## EXCERPTED RECORDS

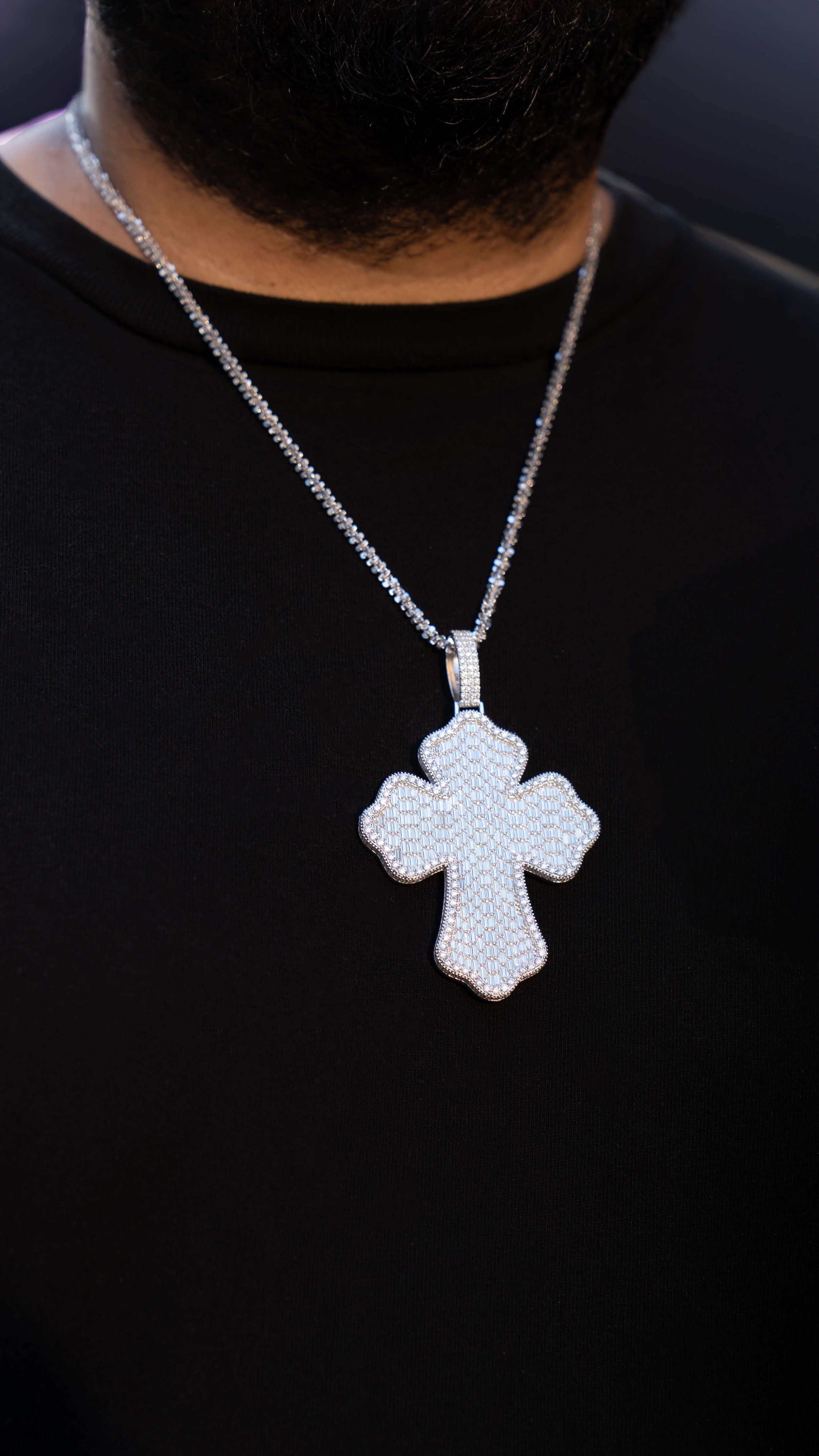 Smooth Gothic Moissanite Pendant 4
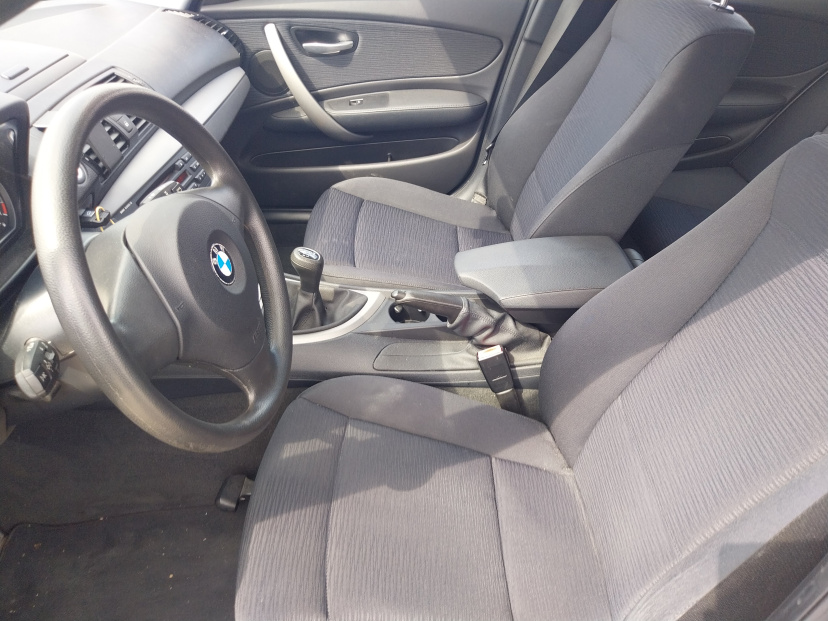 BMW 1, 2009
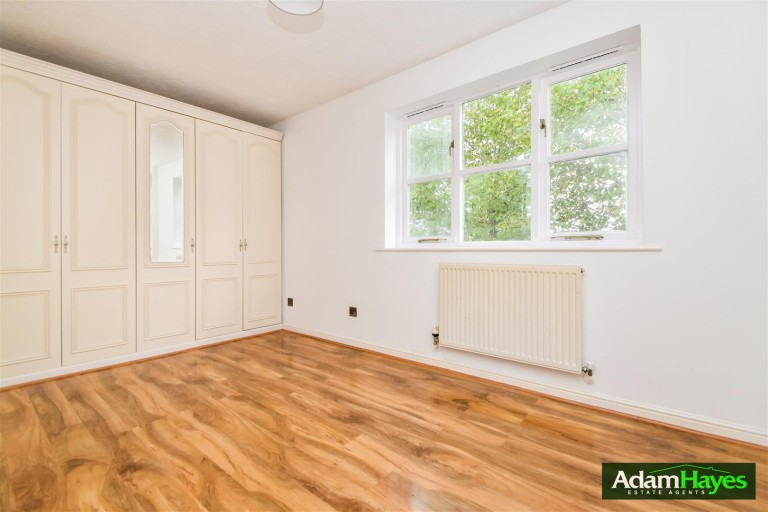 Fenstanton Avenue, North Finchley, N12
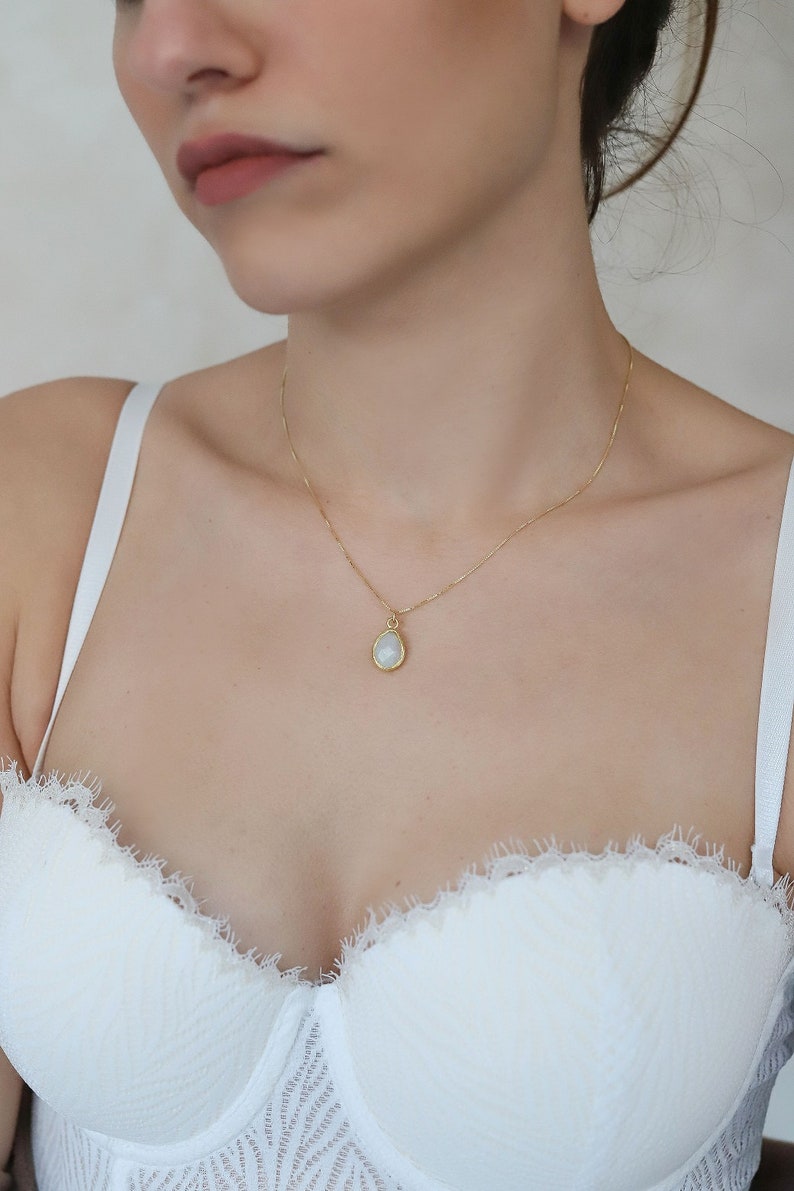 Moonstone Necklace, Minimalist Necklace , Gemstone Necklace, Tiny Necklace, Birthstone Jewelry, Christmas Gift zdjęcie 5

---

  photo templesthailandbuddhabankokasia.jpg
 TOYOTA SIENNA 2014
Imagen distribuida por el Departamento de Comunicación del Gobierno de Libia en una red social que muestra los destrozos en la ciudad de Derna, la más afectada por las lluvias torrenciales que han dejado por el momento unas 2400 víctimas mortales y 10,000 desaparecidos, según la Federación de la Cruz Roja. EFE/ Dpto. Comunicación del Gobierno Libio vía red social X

...

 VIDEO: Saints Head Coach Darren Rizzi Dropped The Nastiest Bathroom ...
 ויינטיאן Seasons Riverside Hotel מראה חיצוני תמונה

## PROBLEM TO WORK ON
Above are some entries; copy exactly the lines from the line with "BMW 1, 2009" through the line with "Moonstone Necklace, Minimalist", both included, but none of the pictures.

## SOLUTION BELOW
 BMW 1, 2009
 Fenstanton Avenue, North Finchley, N12
 Moonstone Necklace, Minimalist Necklace , Gemstone Necklace, Tiny Necklace, Birthstone Jewelry, Christmas Gift zdjęcie 5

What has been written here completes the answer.